_TASK REQUIREMENTS_
Only the stretch below from the line holding "La percepción de" through the line holding "The Fire Pit tweet media" should be restated, word for word and with both ends included; pictures stay out.

----- SUPPLIED DATA

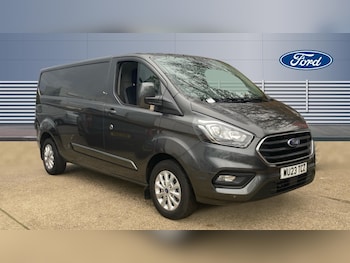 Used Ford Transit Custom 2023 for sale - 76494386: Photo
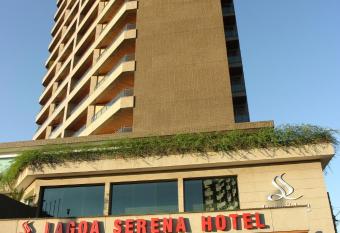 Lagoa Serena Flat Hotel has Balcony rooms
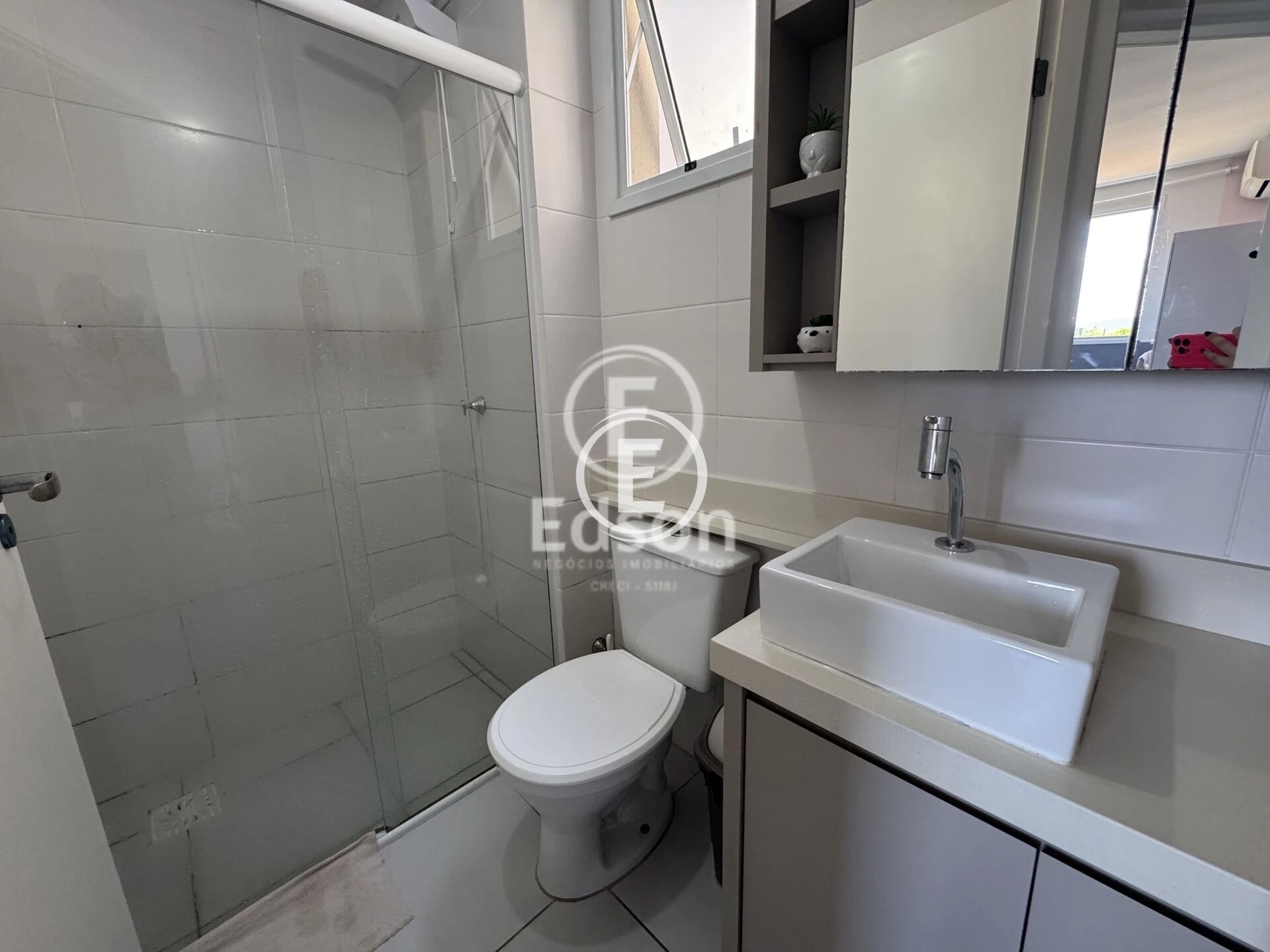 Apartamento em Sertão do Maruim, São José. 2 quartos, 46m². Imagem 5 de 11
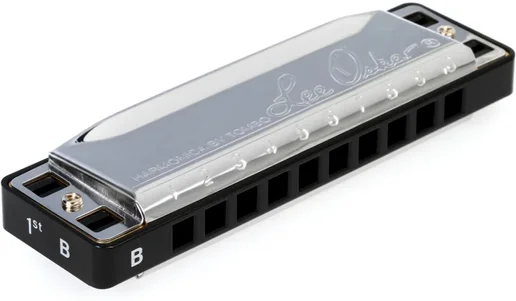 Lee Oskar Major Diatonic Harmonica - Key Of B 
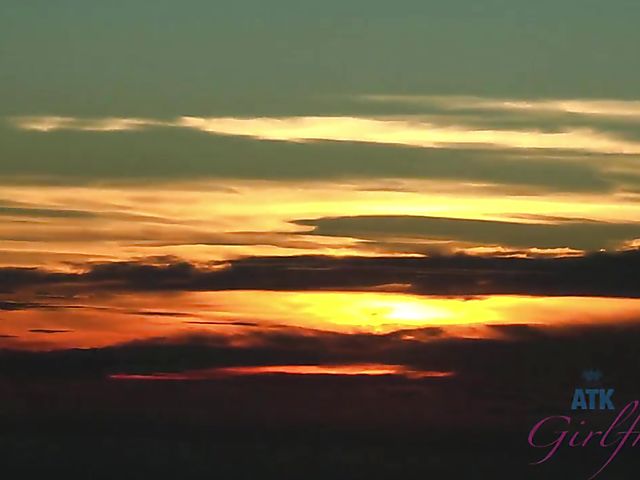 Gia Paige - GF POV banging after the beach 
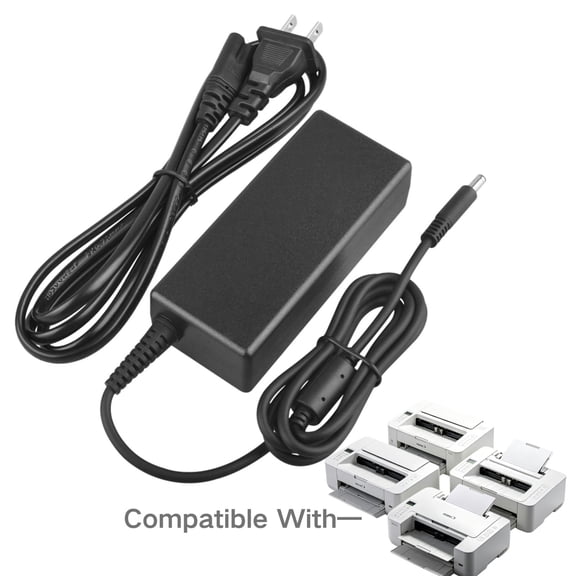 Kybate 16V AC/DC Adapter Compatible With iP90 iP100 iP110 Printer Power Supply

----------
----- SUPPLIED DATA

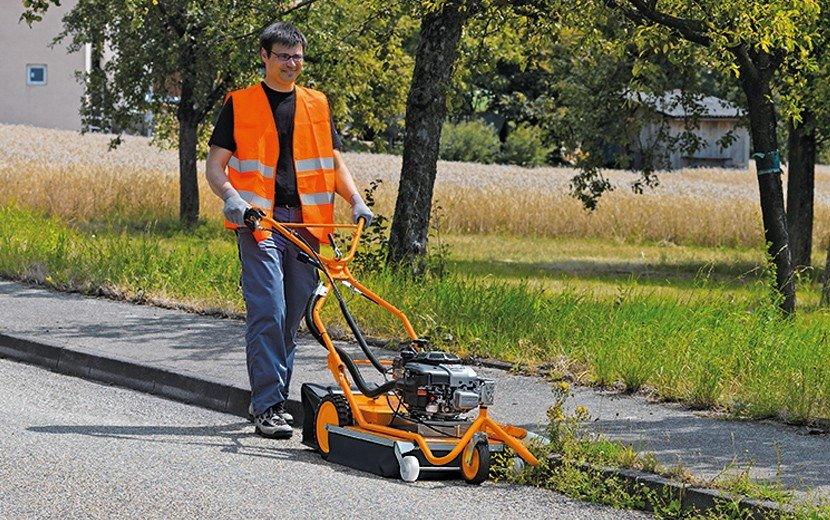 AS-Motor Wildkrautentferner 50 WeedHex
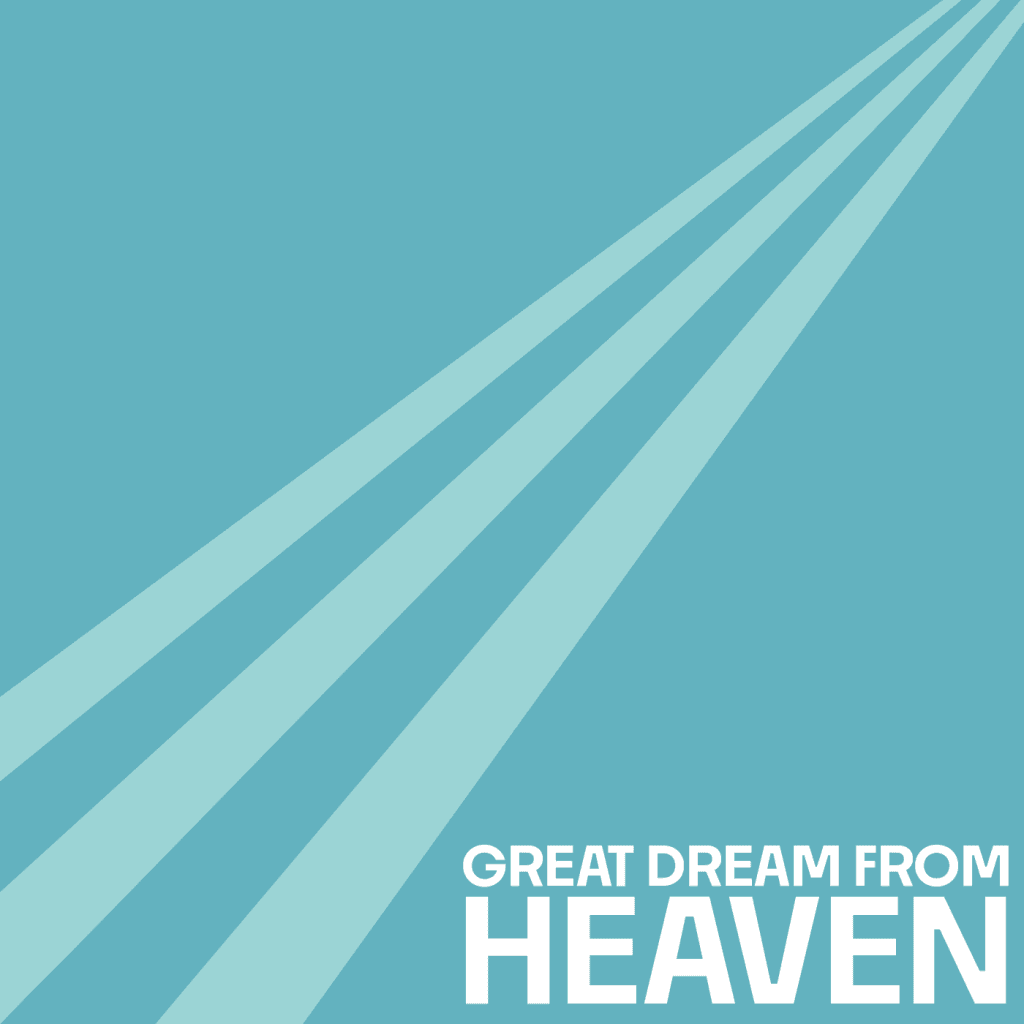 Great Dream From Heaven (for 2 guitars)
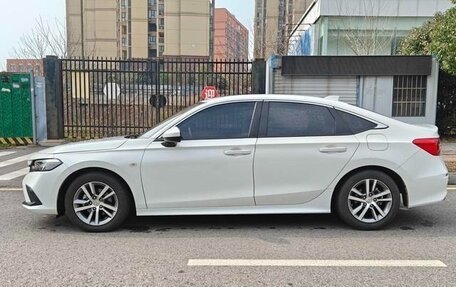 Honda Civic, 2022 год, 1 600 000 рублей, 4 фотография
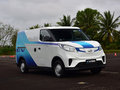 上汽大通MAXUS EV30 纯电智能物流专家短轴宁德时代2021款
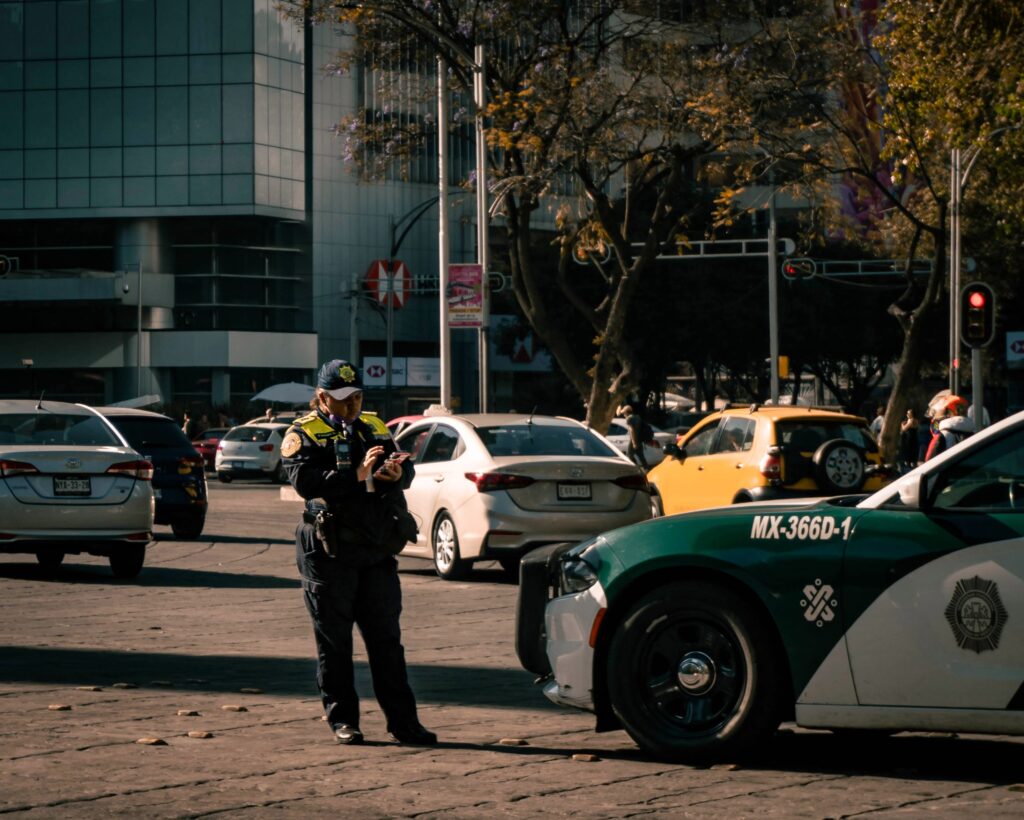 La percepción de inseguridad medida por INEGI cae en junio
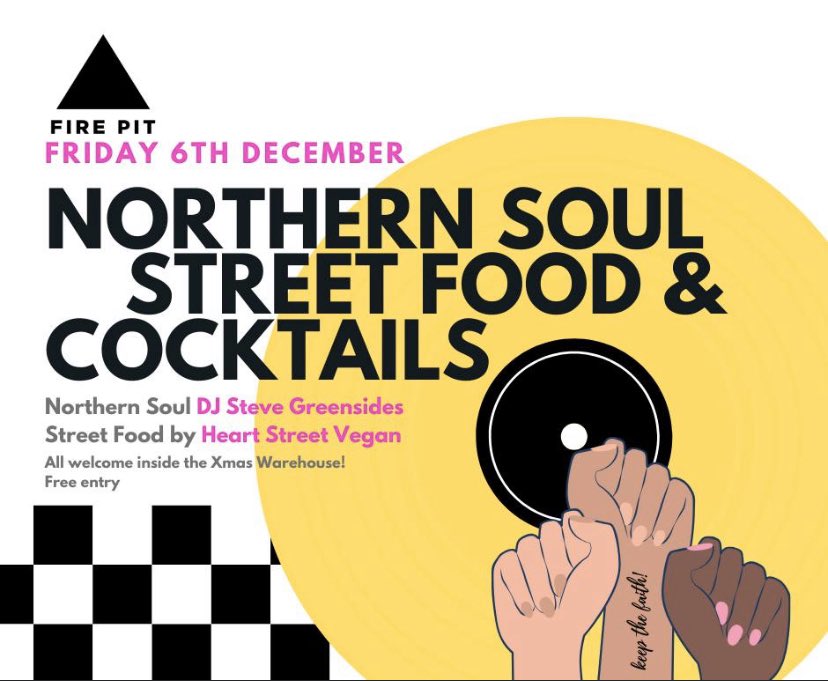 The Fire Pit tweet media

----------

_RESPONSE BELOW_
 La percepción de inseguridad medida por INEGI cae en junio
 The Fire Pit tweet media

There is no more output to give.